Produce an exact copy of the listing.

Given information ::
☆ ☆ ☆ ☆
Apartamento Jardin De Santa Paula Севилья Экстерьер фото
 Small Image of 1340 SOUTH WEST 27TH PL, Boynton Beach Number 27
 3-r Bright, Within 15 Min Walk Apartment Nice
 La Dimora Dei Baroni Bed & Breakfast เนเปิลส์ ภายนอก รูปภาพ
☆ ☆ ☆ ☆
Exercise answer ::
Apartamento Jardin De Santa Paula Севилья Экстерьер фото
 Small Image of 1340 SOUTH WEST 27TH PL, Boynton Beach Number 27
 3-r Bright, Within 15 Min Walk Apartment Nice
 La Dimora Dei Baroni Bed & Breakfast เนเปิลส์ ภายนอก รูปภาพ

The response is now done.